My mortgage holder used to have an office across the street and I had overdraft protection linked to my home equity line of credit but Capital One sold my mortgage to a fly-by-night provider (who begins every phone conversation with an offsetting warning that this conversation is an attempt to collect a debt, unless you're in bankruptcy) and my HELOC to a different fly-by-night company so my checking account no longer has overdraft protection.

Next door is a drugstore which I walk to often to buy toiletries and incidentals, food, beer or wine, and to check my B/P, treating it like an old-time dimestore.  Rite Aid just announced it would close the store next month as being underperforming, leaving me with no store I can walk to handily.





Sunday, May 5, 2019

The Assist

In the Safeway I noticed the encounter of a middle-aged man with an elderly, frail woman at the checkout counter when the cashier ringing up the woman casually handed her a light bag of groceries and the elderly lady almost pitched over as she placed it in her cart. The man in line behind her started to reach out to steady her but discretely stepped back when she successfully regained her equilibrium.
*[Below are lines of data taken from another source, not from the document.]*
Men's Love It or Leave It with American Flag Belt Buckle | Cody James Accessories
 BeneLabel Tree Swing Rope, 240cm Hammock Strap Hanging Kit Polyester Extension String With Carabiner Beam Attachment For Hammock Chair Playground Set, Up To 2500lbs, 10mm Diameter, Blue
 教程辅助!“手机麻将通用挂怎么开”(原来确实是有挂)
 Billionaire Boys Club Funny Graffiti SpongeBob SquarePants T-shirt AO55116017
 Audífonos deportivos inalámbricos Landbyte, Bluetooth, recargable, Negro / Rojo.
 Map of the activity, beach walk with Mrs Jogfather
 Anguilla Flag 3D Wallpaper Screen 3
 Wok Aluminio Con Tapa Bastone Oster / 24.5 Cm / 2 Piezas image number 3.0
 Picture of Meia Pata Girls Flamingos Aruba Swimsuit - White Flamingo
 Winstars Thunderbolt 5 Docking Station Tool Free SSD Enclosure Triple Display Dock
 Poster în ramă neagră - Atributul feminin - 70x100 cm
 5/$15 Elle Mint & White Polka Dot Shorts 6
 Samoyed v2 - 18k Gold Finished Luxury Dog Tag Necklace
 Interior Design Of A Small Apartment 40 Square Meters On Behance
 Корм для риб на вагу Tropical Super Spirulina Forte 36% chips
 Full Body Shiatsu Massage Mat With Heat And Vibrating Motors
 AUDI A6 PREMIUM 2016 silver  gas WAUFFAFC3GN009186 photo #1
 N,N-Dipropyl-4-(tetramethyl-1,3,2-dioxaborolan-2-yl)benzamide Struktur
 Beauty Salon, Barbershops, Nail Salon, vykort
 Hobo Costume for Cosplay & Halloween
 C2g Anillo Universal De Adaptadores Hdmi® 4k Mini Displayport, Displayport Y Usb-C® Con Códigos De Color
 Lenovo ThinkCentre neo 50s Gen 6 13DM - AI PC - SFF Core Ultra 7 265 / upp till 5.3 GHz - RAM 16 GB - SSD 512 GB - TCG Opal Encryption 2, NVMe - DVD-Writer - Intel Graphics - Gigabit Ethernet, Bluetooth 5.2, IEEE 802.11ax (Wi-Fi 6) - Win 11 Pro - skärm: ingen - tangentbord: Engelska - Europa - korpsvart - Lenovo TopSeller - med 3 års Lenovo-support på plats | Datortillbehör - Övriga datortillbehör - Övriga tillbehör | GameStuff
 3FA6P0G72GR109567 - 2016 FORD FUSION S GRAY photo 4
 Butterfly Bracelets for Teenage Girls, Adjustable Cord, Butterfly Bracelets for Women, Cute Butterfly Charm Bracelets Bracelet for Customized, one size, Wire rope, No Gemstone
The woman handed the cashier a fistful of coupons and then learned that she couldn't use her best one, a ten-dollars-off coupon if the grocery bill was $50. Her total was $49.

She fumblingly put her credit card in the card reader and lamented her loss of ten dollars off but also spoke of her good fortune as well.  "It's too bad I can't use the ten dollar coupon, I counted up my purchases carefully but I gave you too many lesser coupons and now my total is too small.  But this is my first shopping trip in eighteen months after the fracture so I guess I'm doing okay.  I'll just use it the next time I come, if I can get over $50 then."

You and I both know what we would do.  Look anywhere for a one dollar item, a candy bar or anything, so we could then benefit from the ten dollar coupon to achieve a nine dollar savings.  But the lady was evidencing a trace of confusion as she said she didn't want to delay the checkout line.

The man behind her was surveying his items on the conveyor belt and then, handing her two of his four yogurt cups, said, "These are seventy cents each, Ma'am.  If you added these to your purchase, then you could then use your ten dollar coupon because it would put your total over fifty dollars.  I don't know if you like yogurt but it would save you almost nine dollars off your current bill."

She gratefully accepted the two small containers and handed them to the cashier who rang them up. Her total dropped from $49 to forty dollars and change.  The lady helpfully added to the man that she liked yogurt, she spread it on toast, using it like peanut butter.